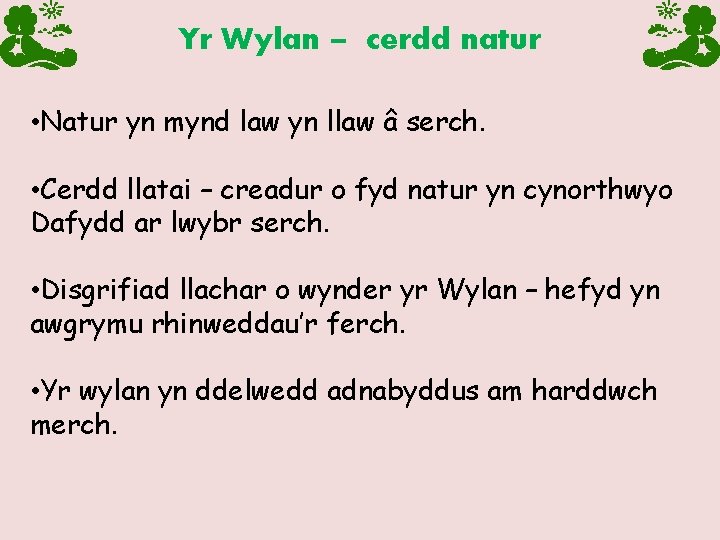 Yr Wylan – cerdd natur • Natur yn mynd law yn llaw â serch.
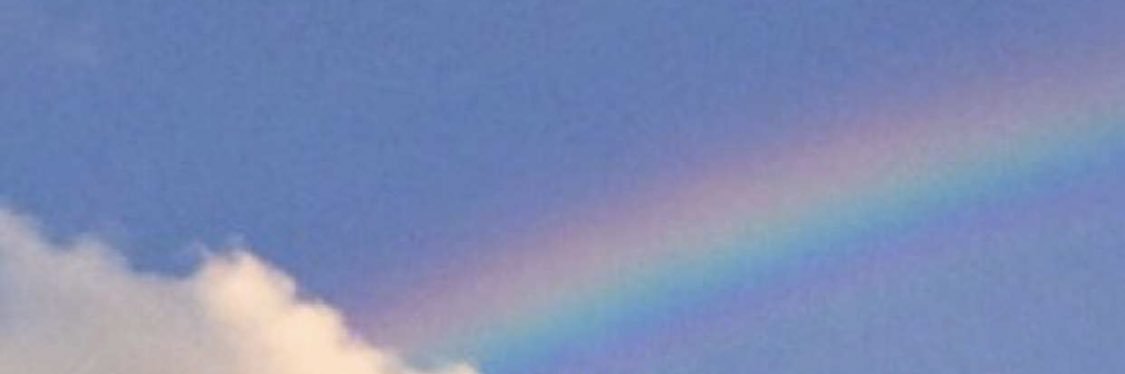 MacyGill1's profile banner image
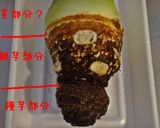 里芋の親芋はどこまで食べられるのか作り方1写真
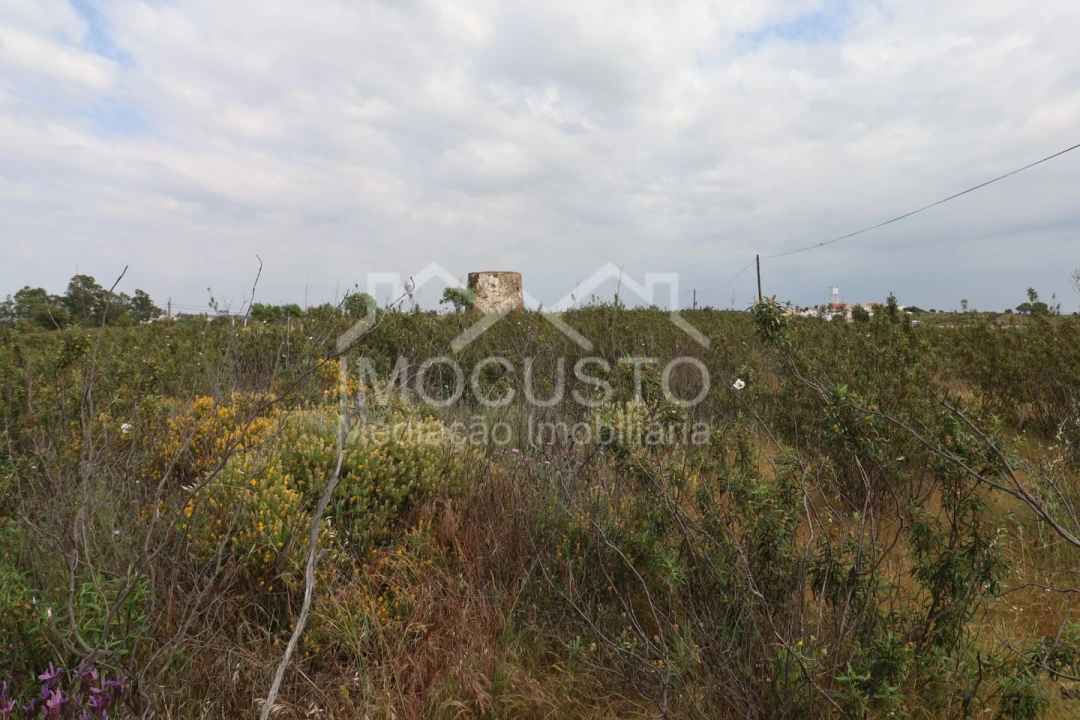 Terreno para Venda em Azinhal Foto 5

* * *

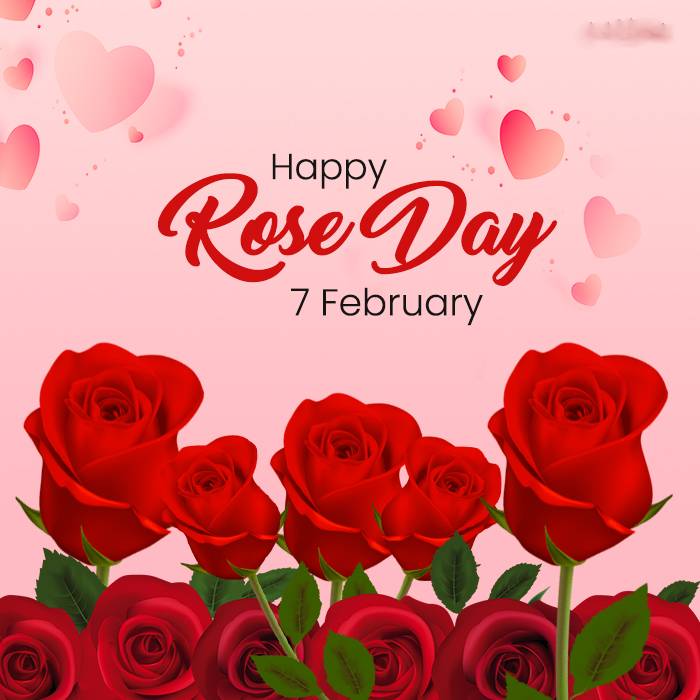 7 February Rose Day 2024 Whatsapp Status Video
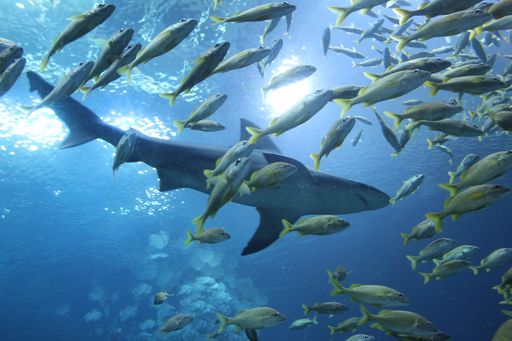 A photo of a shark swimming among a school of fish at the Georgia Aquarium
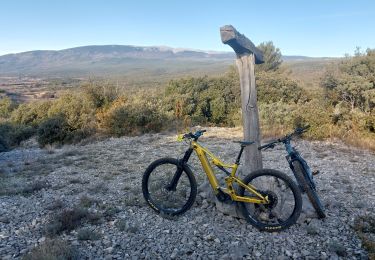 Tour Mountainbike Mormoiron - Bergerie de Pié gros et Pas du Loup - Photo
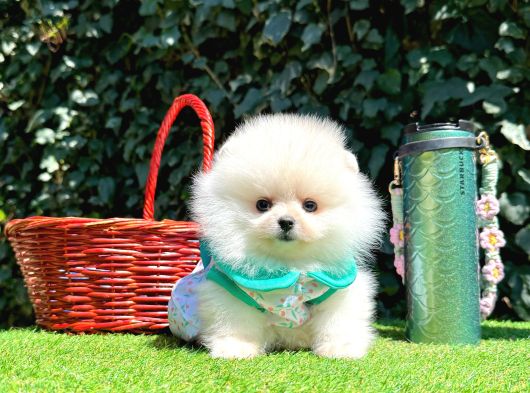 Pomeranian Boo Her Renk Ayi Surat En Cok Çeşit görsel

### WHAT THE TASK REQUIRES
Above are the records; copy from them only the lines starting at the one containing "里芋の親芋はどこまで食べられるのか作り方1写真" and ending at the one containing "Terreno para Venda em Azinhal Foto 5", exactly and without pictures.

### RESPONSE BOX
 里芋の親芋はどこまで食べられるのか作り方1写真
 Terreno para Venda em Azinhal Foto 5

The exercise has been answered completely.